___ RECORDS ___

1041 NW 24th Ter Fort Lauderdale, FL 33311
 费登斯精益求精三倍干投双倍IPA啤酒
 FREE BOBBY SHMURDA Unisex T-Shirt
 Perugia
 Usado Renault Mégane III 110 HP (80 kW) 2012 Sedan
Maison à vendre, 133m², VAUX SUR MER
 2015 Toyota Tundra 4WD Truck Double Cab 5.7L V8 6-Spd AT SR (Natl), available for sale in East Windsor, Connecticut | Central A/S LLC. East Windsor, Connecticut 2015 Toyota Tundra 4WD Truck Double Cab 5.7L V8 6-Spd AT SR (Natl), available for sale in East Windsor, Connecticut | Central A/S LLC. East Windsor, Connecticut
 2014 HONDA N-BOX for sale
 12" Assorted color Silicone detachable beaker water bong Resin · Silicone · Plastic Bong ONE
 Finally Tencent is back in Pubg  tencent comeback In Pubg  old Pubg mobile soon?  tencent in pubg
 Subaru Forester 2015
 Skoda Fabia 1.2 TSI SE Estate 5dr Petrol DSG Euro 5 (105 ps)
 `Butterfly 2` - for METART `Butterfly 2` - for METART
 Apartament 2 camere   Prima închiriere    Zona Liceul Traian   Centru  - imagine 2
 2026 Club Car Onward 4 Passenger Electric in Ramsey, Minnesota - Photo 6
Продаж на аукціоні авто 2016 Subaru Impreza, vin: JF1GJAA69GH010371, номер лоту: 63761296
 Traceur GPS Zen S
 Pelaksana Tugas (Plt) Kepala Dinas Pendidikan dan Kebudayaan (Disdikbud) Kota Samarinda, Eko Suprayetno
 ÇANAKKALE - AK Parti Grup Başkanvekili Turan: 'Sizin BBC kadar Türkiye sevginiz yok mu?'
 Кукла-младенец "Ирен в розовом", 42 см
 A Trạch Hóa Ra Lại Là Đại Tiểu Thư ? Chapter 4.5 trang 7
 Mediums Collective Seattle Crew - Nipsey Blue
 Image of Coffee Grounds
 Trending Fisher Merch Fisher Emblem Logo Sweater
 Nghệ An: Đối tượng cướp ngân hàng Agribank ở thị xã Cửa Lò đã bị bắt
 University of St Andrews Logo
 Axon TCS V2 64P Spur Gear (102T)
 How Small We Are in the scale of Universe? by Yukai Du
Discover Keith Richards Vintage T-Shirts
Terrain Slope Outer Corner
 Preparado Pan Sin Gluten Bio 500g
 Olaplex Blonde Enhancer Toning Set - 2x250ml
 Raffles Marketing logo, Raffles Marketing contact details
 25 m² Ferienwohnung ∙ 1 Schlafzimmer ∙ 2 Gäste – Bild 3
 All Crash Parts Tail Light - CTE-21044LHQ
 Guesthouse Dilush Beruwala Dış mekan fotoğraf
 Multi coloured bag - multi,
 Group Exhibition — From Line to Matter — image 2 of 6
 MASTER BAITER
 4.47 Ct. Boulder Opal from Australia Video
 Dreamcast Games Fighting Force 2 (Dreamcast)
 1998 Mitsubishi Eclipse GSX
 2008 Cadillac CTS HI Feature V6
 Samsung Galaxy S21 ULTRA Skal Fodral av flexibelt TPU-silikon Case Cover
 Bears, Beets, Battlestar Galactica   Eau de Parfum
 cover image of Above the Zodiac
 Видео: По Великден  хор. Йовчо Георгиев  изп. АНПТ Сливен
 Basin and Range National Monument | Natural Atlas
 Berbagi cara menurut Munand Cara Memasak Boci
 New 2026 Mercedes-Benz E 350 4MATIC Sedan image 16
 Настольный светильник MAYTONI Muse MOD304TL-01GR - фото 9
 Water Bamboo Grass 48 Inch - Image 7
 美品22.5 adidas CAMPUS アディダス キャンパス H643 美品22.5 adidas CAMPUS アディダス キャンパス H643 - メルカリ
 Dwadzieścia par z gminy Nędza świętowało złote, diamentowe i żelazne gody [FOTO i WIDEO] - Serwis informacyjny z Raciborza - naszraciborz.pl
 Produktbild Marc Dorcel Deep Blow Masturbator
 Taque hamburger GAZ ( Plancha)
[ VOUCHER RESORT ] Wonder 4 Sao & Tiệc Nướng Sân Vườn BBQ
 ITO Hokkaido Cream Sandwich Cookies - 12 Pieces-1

___

WORK TO BE COMPLETED: A verbatim transcription is needed of the lines above, starting at the line with "Finally Tencent is" and ending at the line with "Nghệ An: Đối", both included, and of nothing else.

EXPECTED ANSWER:
 Finally Tencent is back in Pubg  tencent comeback In Pubg  old Pubg mobile soon?  tencent in pubg
 Subaru Forester 2015
 Skoda Fabia 1.2 TSI SE Estate 5dr Petrol DSG Euro 5 (105 ps)
 `Butterfly 2` - for METART `Butterfly 2` - for METART
 Apartament 2 camere   Prima închiriere    Zona Liceul Traian   Centru  - imagine 2
 2026 Club Car Onward 4 Passenger Electric in Ramsey, Minnesota - Photo 6
Продаж на аукціоні авто 2016 Subaru Impreza, vin: JF1GJAA69GH010371, номер лоту: 63761296
 Traceur GPS Zen S
 Pelaksana Tugas (Plt) Kepala Dinas Pendidikan dan Kebudayaan (Disdikbud) Kota Samarinda, Eko Suprayetno
 ÇANAKKALE - AK Parti Grup Başkanvekili Turan: 'Sizin BBC kadar Türkiye sevginiz yok mu?'
 Кукла-младенец "Ирен в розовом", 42 см
 A Trạch Hóa Ra Lại Là Đại Tiểu Thư ? Chapter 4.5 trang 7
 Mediums Collective Seattle Crew - Nipsey Blue
 Image of Coffee Grounds
 Trending Fisher Merch Fisher Emblem Logo Sweater
 Nghệ An: Đối tượng cướp ngân hàng Agribank ở thị xã Cửa Lò đã bị bắt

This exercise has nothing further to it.